A SPRINKLING of magic dust was JM Barrie's way of getting the earthbound Darlings soaring all the way to Neverland. Clearly there's been a mega-showering of magic dust at the King's - after last year's rather tired effort, Edinburgh's big family panto is flying, and flying spectacularly high.
Fast-paced, lavishly designed and crisply scripted, the production cannily cherry-picks the story elements that lend themselves to a panto treatment: the pirates and Tiger-Lily's braves are shoo-ins for high-energy dance routines; Hook's nemesis, the Crocodile, is an irresistible reason to design a really scary, really huge scaly head with glowing eyes and snack-snacking jaws; and Hook himself is a tailor-made opportunity for Grant Stott to be archly, plummily villainous in a fabulous costume.
There's Pan, of course, and Tinkerbell, characters much-loved by children of all ages. Daniel Healy and Shona White ensure there's magic (and great music) in the air. And then there's Mr and Mrs Smee... Who? Well this is where the panto's creative team understandably part company with Barrie. Since Andy Gray and Allan Stewart are an unlikely Peter and Wendy, they are the Smees, a superbly doolally duo who gleefully bounce gags off each other - and anyone else who comes within punning distance.

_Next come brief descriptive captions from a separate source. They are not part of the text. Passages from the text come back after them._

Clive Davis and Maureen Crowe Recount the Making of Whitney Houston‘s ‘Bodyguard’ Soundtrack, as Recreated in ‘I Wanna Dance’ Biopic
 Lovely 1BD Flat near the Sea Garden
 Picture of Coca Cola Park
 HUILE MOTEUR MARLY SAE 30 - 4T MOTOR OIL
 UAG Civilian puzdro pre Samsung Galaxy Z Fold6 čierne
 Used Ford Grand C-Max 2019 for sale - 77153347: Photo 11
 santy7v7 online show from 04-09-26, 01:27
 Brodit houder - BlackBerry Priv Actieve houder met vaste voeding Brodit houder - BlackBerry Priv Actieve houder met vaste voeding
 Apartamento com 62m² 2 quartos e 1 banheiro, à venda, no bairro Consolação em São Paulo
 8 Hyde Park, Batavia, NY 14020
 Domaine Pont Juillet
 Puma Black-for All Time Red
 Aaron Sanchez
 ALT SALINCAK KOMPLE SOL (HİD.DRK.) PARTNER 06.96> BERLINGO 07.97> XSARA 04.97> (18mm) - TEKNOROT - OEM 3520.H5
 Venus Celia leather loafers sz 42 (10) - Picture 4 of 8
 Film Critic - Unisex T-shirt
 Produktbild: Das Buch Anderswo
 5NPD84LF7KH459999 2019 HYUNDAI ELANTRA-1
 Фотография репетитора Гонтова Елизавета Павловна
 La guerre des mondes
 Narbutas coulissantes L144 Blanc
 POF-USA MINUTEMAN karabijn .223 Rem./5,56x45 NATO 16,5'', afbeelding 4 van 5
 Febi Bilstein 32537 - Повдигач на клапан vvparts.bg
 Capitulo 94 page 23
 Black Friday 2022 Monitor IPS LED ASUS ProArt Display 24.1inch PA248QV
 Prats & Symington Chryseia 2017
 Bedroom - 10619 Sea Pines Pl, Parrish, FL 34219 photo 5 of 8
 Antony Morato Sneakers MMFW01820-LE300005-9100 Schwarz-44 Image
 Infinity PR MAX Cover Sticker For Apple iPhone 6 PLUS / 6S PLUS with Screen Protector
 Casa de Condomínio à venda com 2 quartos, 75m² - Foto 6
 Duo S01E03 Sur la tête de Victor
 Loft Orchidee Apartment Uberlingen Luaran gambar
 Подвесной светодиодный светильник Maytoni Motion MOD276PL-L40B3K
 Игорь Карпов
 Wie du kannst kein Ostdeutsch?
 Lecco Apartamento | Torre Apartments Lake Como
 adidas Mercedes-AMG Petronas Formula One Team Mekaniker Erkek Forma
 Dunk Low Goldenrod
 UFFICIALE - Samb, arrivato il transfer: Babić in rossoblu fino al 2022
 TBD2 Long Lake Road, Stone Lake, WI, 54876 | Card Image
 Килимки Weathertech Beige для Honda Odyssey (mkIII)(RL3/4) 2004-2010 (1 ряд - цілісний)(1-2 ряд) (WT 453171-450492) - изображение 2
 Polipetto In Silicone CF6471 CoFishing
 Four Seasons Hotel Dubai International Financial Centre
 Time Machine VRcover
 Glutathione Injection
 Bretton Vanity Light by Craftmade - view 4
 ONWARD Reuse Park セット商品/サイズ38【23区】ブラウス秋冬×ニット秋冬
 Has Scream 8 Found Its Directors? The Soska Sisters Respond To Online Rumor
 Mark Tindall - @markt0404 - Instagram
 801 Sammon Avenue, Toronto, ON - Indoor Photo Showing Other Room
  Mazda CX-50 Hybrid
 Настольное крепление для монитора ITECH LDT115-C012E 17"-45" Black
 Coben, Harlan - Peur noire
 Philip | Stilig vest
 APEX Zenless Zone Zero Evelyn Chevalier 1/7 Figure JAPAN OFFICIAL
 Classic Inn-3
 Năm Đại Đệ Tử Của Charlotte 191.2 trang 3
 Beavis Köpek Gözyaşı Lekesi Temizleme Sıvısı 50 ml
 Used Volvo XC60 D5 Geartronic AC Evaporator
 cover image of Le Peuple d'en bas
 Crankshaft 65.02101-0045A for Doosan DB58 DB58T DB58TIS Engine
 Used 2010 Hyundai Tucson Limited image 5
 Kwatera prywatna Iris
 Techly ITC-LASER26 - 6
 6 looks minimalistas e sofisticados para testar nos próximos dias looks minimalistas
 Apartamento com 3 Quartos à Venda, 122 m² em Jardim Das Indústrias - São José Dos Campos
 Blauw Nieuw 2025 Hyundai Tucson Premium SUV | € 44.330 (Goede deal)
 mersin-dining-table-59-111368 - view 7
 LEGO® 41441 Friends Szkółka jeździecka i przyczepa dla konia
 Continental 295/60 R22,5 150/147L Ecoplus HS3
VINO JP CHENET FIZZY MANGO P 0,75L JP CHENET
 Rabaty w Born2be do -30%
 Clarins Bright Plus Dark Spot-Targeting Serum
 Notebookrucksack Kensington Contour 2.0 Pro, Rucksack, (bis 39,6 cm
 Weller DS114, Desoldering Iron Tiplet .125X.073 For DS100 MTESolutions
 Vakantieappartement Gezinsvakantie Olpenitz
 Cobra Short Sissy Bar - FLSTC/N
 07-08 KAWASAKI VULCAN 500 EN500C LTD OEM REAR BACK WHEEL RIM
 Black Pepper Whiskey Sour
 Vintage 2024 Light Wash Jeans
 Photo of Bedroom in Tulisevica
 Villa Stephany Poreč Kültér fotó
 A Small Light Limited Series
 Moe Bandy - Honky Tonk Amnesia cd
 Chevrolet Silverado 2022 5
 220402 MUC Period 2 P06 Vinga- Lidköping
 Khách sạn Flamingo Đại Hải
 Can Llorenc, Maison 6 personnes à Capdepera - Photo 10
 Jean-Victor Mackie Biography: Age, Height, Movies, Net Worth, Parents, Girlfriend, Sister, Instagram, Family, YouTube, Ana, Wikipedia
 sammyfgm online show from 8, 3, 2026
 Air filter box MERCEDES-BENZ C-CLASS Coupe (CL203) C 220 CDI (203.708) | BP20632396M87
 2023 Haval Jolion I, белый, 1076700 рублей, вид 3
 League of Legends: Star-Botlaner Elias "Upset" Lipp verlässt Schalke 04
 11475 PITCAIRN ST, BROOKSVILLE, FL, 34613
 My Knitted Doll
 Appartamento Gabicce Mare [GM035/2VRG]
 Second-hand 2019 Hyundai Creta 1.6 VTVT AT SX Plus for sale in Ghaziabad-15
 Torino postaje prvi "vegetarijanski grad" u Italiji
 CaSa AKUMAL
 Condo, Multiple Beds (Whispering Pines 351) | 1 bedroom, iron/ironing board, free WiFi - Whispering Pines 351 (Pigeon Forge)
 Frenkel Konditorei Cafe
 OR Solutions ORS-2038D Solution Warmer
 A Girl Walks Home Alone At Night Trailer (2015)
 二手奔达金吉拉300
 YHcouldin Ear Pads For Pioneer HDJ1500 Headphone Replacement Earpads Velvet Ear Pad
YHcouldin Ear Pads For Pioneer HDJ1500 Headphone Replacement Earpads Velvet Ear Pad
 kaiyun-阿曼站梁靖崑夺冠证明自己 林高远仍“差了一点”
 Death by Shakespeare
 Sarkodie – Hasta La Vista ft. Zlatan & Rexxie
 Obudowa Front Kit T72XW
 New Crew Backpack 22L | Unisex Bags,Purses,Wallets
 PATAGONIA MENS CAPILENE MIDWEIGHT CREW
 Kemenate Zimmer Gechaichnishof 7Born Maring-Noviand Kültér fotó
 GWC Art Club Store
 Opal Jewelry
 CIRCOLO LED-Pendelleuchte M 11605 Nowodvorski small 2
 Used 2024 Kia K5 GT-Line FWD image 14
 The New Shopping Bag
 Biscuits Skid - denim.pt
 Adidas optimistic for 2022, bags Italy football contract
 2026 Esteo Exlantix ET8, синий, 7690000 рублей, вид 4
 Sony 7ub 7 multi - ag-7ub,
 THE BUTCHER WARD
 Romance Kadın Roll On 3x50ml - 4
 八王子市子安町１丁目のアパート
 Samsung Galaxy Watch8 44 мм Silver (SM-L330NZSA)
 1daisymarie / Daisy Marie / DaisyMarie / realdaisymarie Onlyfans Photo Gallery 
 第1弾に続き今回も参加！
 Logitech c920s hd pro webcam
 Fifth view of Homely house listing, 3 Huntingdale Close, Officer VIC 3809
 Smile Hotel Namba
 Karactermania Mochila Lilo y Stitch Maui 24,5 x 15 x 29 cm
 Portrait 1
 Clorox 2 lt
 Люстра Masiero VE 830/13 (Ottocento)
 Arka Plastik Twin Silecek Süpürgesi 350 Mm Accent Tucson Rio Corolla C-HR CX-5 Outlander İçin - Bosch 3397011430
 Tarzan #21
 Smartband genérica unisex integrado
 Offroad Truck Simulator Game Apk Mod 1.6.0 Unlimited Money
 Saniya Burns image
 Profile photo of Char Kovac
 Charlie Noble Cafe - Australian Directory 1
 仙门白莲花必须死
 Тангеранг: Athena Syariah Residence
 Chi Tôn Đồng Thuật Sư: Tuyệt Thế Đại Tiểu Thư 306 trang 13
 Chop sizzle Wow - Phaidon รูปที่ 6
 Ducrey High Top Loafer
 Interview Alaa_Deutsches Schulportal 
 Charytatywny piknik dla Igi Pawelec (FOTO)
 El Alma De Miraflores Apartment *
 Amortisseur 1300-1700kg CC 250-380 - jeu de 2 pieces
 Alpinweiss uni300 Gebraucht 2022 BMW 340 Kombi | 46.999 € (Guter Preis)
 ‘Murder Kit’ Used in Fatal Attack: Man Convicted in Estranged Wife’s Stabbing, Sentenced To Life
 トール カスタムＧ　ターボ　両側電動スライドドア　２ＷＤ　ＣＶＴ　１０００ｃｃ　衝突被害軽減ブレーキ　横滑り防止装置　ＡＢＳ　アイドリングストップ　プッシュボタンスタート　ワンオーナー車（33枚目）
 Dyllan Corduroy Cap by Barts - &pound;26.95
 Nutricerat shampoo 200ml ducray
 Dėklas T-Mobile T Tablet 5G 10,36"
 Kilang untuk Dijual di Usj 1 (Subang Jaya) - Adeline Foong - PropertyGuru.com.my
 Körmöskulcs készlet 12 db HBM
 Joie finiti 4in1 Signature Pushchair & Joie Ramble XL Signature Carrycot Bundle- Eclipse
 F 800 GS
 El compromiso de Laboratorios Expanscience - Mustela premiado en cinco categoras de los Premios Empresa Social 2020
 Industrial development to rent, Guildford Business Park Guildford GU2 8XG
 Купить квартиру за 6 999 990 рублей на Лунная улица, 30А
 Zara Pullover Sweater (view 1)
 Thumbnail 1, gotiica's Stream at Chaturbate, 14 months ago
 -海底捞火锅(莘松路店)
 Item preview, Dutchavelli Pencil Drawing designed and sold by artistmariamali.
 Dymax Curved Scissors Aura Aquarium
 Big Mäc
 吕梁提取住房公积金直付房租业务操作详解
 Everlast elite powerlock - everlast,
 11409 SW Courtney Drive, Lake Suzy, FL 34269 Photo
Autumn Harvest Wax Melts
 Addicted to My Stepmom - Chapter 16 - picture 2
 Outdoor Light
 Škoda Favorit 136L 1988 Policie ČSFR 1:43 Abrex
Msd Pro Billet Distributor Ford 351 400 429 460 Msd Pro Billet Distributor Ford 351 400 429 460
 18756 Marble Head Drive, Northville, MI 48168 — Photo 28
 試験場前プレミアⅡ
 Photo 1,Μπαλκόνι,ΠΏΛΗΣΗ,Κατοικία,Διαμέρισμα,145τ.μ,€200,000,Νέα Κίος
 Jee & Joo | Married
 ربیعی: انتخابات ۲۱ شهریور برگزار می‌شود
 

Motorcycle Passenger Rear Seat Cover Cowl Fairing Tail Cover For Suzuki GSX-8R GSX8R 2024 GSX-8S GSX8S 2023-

It's the double act we know and love, but a shift of comedic approach - out go the old catchphrases, for instance - sees their partnership back on brilliantly ridiculous form. Gray's vocal cantrips with the word "balloon" is just one of many treats, while Stewart's shorter frocks seem to release him from being matronly into leggy friskiness.
It just feels as if cobwebs have been dusted off what had become routine: what you get now is a panto that sparkles and shines.